The proof follows from Theorem 1 by setting t⁽¹⁾=t⁽²⁾ and ε=1, and from Lemma 4 by letting p_max→∞ and considering i₀<p₀. □

Remark 9

(SINR invariance as a function of λ) From (34), we evince that the CCDF of the SINR is independent of λ, but it depends on the ratio i₀/p₀ and the path loss exponent α.

Interestingly, the SINR in such a setup is invariant with the BSs’ density. Intuitively, this means that both the desired received power and the interference does not vary with the BSs’ density. On the one hand, the desired power does not vary thanks to full channel inversion power control (ε = 1, p_max→∞). Furthermore, although the distances towards the nearest interfering MTs decrease with λ, their transmit power also decrease with λ, making the received interference invariant with λ, as it can be observed from its moments in (33). This density invariance has been also reported in [2, 13] for the case of the SIR.

Spectral efficiency and binary rate

This section is focused on the analysis of SE and BR. Unlike the vast majority of papers on stochastic geometry modeling of HCNs that evaluate these key performance indicators based on the Shannon formula, we provide a mathematical formulation that is more useful for current cellular deployments based on practical AMC schemes and, thus, provides estimates of SE and BR that can be achieved at a finite target value of the block error rate (BLER) rather than their theoretically achievable counterparts under the assumptions of unlimited decoding complexity and arbitrarily small BLER. We show, remarkably, that more tractable expressions of SE and BR can be provided, compared to those that can be obtained based on the Shannon definition. The BR accounts for the amount of bandwidth allocated to the typical MT by the scheduler and, thus, accounts for the BS’s load, i.e., the number of MTs that need to be simultaneously served in the cell to which the typical MT belongs to. Accordingly, SE and BR provide information on the advantages and limitations of transmission schemes and, as such, are both employed for assessing the performance of practical LTE systems [14].

SE and BR, however, are related to each other and, in mathematical terms, we have

$$ \text{BR}_{\text{MT}_{0}}=\frac{b_{w}}{N_{\mathcal{B}_{\text{MT}_{0}}}^{\mathcal{A}}}\text{SE}_{\text{MT}_{0}} \quad \left(\text{bps} \right) $$

(35)

where b_w is the available bandwidth per BS and $N^{\mathcal {A}}_{\mathcal {B}_{\text {MT}_{0}}}$ denotes the number of active MTs associated with the probe BS, which is commonly referred to as the cell load [15].

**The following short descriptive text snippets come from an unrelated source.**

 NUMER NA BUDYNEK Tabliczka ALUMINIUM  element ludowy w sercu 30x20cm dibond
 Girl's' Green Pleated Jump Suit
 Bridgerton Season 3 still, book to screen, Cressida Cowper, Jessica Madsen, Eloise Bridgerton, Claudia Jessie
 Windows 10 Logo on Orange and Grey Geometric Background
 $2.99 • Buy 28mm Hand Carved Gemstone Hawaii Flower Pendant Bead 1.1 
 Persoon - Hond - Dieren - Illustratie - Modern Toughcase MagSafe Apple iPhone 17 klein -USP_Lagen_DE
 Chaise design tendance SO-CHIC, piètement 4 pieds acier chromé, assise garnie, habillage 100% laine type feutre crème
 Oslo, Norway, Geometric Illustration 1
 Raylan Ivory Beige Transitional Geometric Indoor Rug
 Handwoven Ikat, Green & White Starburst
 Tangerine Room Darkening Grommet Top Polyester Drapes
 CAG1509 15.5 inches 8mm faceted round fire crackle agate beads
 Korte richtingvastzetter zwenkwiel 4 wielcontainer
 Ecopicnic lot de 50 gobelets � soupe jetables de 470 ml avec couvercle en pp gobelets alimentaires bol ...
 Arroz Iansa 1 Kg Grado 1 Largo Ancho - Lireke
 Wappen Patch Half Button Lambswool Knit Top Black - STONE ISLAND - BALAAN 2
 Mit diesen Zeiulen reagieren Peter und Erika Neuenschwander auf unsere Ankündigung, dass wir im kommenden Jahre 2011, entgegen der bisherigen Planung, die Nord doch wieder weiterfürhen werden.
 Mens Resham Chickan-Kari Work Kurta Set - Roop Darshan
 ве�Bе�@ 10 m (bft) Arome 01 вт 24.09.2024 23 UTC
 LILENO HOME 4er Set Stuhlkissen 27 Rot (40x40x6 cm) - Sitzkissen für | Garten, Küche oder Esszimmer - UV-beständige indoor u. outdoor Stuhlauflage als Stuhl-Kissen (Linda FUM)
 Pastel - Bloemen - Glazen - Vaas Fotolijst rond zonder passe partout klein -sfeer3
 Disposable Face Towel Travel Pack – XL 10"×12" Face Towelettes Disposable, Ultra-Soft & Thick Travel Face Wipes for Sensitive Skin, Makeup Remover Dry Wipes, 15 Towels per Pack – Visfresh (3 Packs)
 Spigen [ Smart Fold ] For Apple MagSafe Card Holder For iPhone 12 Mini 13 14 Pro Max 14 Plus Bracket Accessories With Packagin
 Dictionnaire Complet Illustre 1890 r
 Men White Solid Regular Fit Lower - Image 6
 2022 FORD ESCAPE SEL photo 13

As extensively discussed in, e.g., [15–17], the distribution of $N^{\mathcal {A}}_{\mathcal {B}_{\text {MT}_{0}}}$ is not available for cell association criteria that are not based on the shortest distance, and, thus approximations need to be used. For mathematical tractability, but without loosing in accuracy, we exploit the approximation in [16] which, for the convenience of the readers, is reported in what follows.

Assumption 2

The probability mass function (PMF) of the number of active MTs, $N_{\mathcal {B}_{\text {MT}_{0}}}^{\mathcal {A}}$, associated with a BS of tier j, is approximated as follows:

$$\begin{array}{*{20}l} \Pr & \left(N_{\mathcal{B}_{\text{MT}_{0}}}^{\mathcal{A}}=n|\mathcal{X}_{\text{MT}_{0}}^{(j)},\mathcal{A}_{\text{MT}_{0}} \right) \approx \frac{3.5^{3.5}}{\left(n-1 \right)!}\frac{\Gamma \left(n+3.5 \right)}{\Gamma \left(3.5 \right)} \\ & \quad \left(\frac{\lambda_{\text{MT}}\Pr \left(\mathcal{X}_{\text{MT}_{0}}^{(j)},\mathcal{A}_{\text{MT}_{0}} \right)}{\lambda^{(j)}} \right)^{n-1} \\ & \quad \left(3.5+\frac{\lambda_{\text{MT}}\Pr \left(\mathcal{X}_{\text{MT}_{0}}^{(j)},\mathcal{A}_{\text{MT}_{0}} \right)}{\lambda^{(j)}} \right) \end{array} $$

(36)

where, for notational simplicity, the short-hand $p=\Pr \left (\mathcal {X}^{(j)}_{\text {MT}_{0}},\mathcal {A}_{\text {MT}_{0}}\right)$ is used.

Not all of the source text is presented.